After beating the Tampa Bay Rays 7-2 in the first of 19 meetings this season, the Yankees will attempt pursue an encore on Friday night in the second game of a four-game series.
The usual suspects were at work for the visiting juggernauts as they earned a third straight won on Thursday, moving 19 games over .500.
Starting pitcher Nestor Cortes was brilliant through eight innings. He improved to 4-1, lowered his ERA to 1.70 and was victorious in his third straight start.
"When I went out there for the ninth and all those fans were cheering, I had goosebumps," said Cortes, who was bidding for his first career shutout and complete game but was removed after a leadoff single.
MVP candidate Aaron Judge did a little of everything.
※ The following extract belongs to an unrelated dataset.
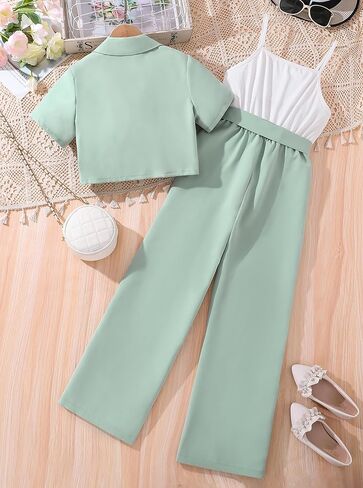 Girls 2-Piece Outfit Set Short Sleeve Blazer Crop Jacket Color Block Jumpsuit with Belt Summer Elegant Casual Clothes in Saudi Arabia
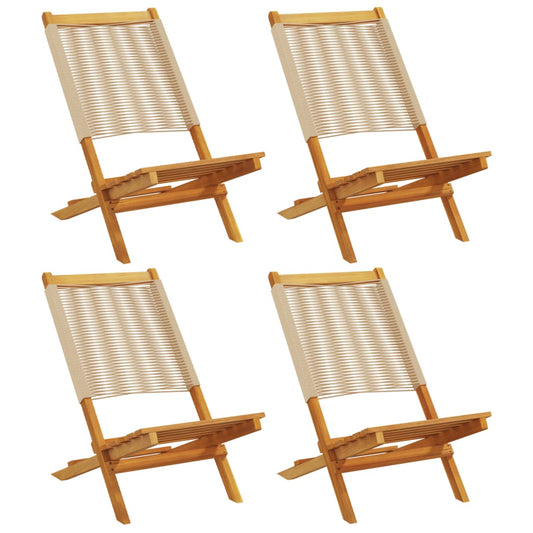 vidaXL Folding Chairs 4 pcs Beige Solid Wood Acacia 2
He singled, drove in two for his 10th multi-RBI game, scored, stole a base and walked.
The Yankees now will follow Cortes with a trio of tough starting pitchers: Jameson Taillon (4-1, 2.95 ERA) on Friday, Gerrit Cole (4-1, 3.31) on Saturday and Luis Severino (3-0, 3.02) on Sunday.
Since posting an 8-6 record and a 4.30 ERA in 2021 -- his first season in the Bronx -- Taillon has found his niche by utilizing better control of his pitches.
Last season, the Lakeland, Fla., native produced a walk rate of 7.3 percent, the second-highest mark of his career. But the former Pirates pitcher has bounced back with a career-best 2.8 percent through eight starts this season.
In four career starts against the Rays, the right-hander is 1-2 with a 3.26 ERA and a .256 opposition batting average in 19 1/3 innings.
Tampa Bay's newly converted starting pitcher Jeffrey Springs (2-1, 1.32 ERA) will take to the hill for the ninth time in his career against the Yankees. He is 0-0 with a 2.70 ERA in 10 innings pitched vs. New York.
In an opener role in 2018 with the Texas Rangers, the left-hander made two starting appearances, logging two- and three-inning outings.
Earlier this season, Rays manager Kevin Cash and pitching coach Kyle Snyder considered increasing Springs' pitch count and then decided to take the plunge and slide the former Appalachian State hurler into the rotation.
"We just like his stuff, like the way it's playing, like the way he's bouncing back," Cash said. "Definitely the changeup is kind of the equalizer to the righties, and being left-handed helps against the lefties."
That transition for Springs, 29, was prompted by the struggles and eventual demotion of southpaw Josh Fleming.
After a breakout 5-0 record and 2.78 ERA in 2020, Fleming regressed this season by wobbling through with a 2-3 record and a 6.83 ERA in six games. The latter number is deceiving because -- after allowing just one unearned run in 136 2/3 previous innings -- he has permitted 10 unearned to score in 18 1/3 innings this year.
That turned the job over to Springs, who has responded with a 1-1 slate and a 2.12 ERA across four starts. He has allowed four runs and 11 hits (a .186 batting average) in 17 innings during those games, with 16 strikeouts and four walks.